From the Kairos Center (https://kairoscenter.org/):
The Kairos Center is excited to announce that the Rev. Dr. William J. Barber II will be transitioning out of his role as the president of the North Carolina Conference of the NAACP in June, in order to join the growing leadership of the New Poor People’s Campaign. The North Carolina NAACP announced the news in a press release this morning, including details of a press conference to be held next Monday, May 15 at Davie Street Presbyterian Church:
“The North Carolina NAACP State Conference will hold a press conference on Monday, May 15 at 10:00 a.m. at the Davie Street Presbyterian Church, 300 E. Davie Street, to announce that the Rev. Dr. William J. Barber II will transition out of the presidency of the North Carolina Conference of NAACP branches in June. Rev. Dr. Barber will entrust leadership of the NAACP in his home state to others in order to help organize a Poor People’s Campaign in Washington D.C. and twenty-five states across the nation. He will continue to serve as pastor of Greenleaf Christian Church in Goldsboro, North Carolina.”
The Rev. Dr. Liz Theoharis, the co-director of the Kairos Center, will be present on Monday at the press conference. The press release includes a quote from Rev. Dr. Theoharis on the significance of this moment and on the ongoing work of Rev. Barber:
“’Rev. Dr. Barber’s national moral leadership in these difficult days is more important than ever,’ said the Rev. Dr. Liz Theoharis, co-director of the Kairos Center for Rights, Religions, and Social Justice. ‘He is answering a call to carry on the legacy of Rev. Dr. Martin Luther Jr. by building a new Poor People’s Campaign to address rampant militarism, racism and poverty in our day and to build a movement of millions,’ she said.”

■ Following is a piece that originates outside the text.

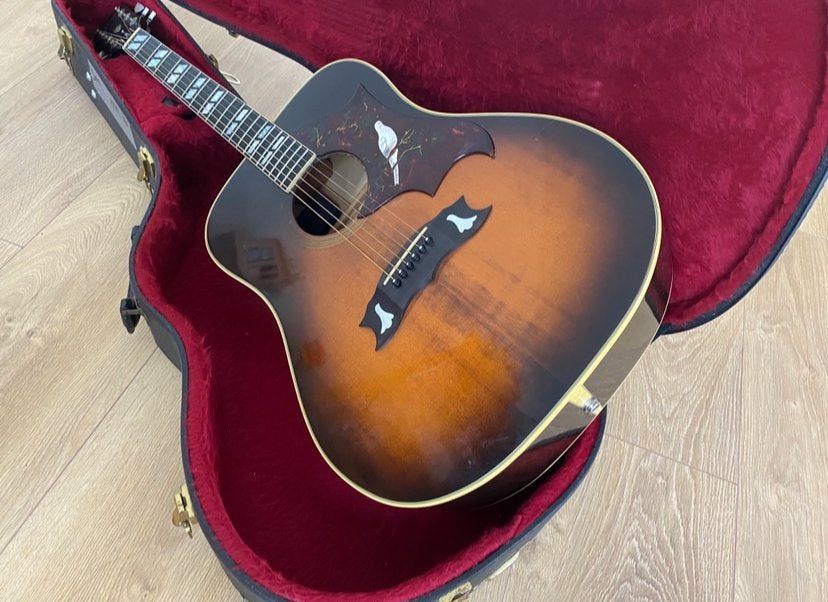 Gibson Dove 1979 sunburst, Ophalen of Verzenden, Zo goed als nieuw, Western- of Steelstringgitaar, Met koffer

The press release also contains a great description of the New Poor People’s Campaign, to which Rev. Barber will now be directing his prophetic leadership:
“Rev. Barber will focus attention on the new Poor People’s Campaign co-led by the Kairos Center at Union Theological Seminary, where Rev. Barber is a distinguished professor of public theology. Throughout 2017 and early 2018 he will lead trainings and organize alongside moral leaders, including poor black, brown and white communities. The forthcoming report, ‘The Souls of Poor Folk,’ co-developed by the Rev. Dr. James Forbes, Rev. Dr. Barber, and noted economists, historians and public policy experts, will explore why issues of poverty have changed or remained the same since the Poor People’s Campaign of 1967/68. In early 2018, moral activists will lead 40 days of simultaneous direct action and civil disobedience in state capitols, Washington D.C. and the U.S. Congress.

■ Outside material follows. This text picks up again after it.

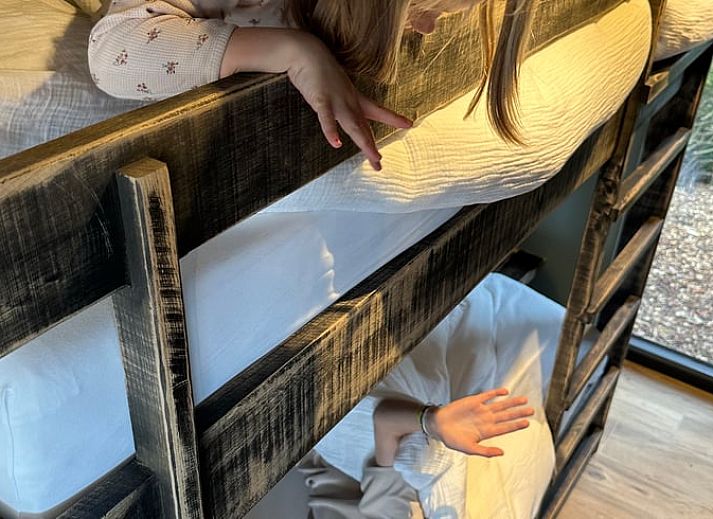 Moderne keuken in Vakantiehuis in Loker, West-Vlaanderen, biedt comfort en uitzicht op de groene omgeving.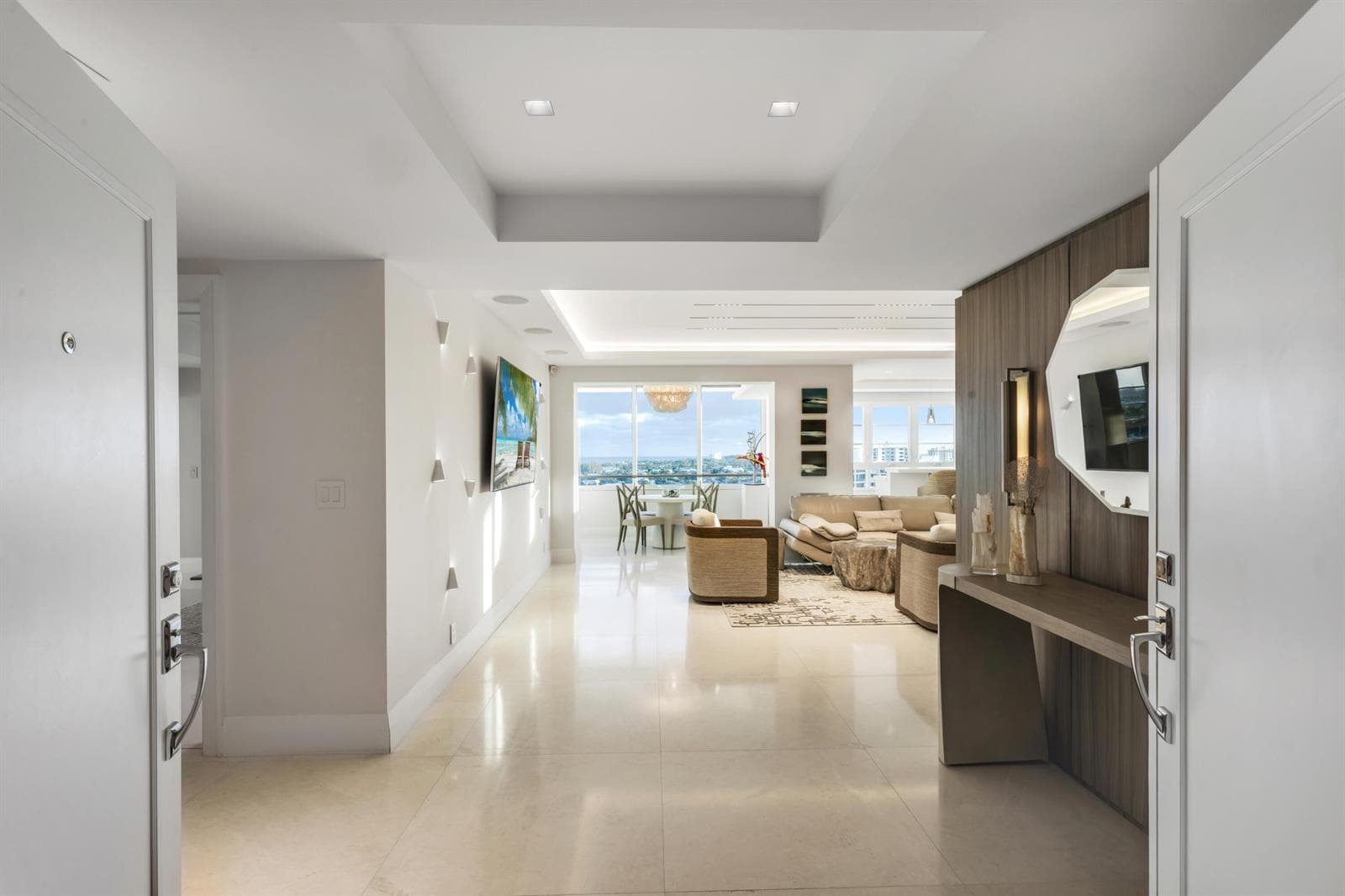 50 East Road 12g (penthouse) photo 3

‘Fifty years ago, Dr. Martin Luther King called for a radical ‘revolution of values’ inviting a divided nation to stand against the evils of militarism, racism, and economic injustice. In the spirit of the Poor People’s Campaign of 1967/68, we are calling for a national moral revival and for fusion coalitions in every state to come together and advance a moral agenda,’ said the Rev. Dr. Barber. ‘There is a need for moral analysis, articulation of a moral agenda, and moral activism that fuses the critique of systemic racism, poverty, the war economy, and national morality in a way that enables organizing among black, brown, and white people, especially in regions where great efforts have been made to keep them from forming alliances and standing together to change the political and social calculus,’ he said.”

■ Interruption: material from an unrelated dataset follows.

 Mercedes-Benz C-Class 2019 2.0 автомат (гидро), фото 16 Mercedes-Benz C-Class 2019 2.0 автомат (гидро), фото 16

The story has already broken in several mainstream media sources, including ABC News and the Winston-Salem Chronicle. ABC reports,
“Barber also leads a nonprofit called Repairers of the Breach and said that group, along with the Kairos Center, Union Theological Seminary and others will lead a movement that will concentrate on 25 states and the nation’s capital where voter suppression, poverty and other problems are prevalent. The groups plan major actions next summer, which would mark the 50th anniversary of the start of King’s campaign in 1968.”
The Kairos Center will continue to report on this important news as it breaks in North Carolina.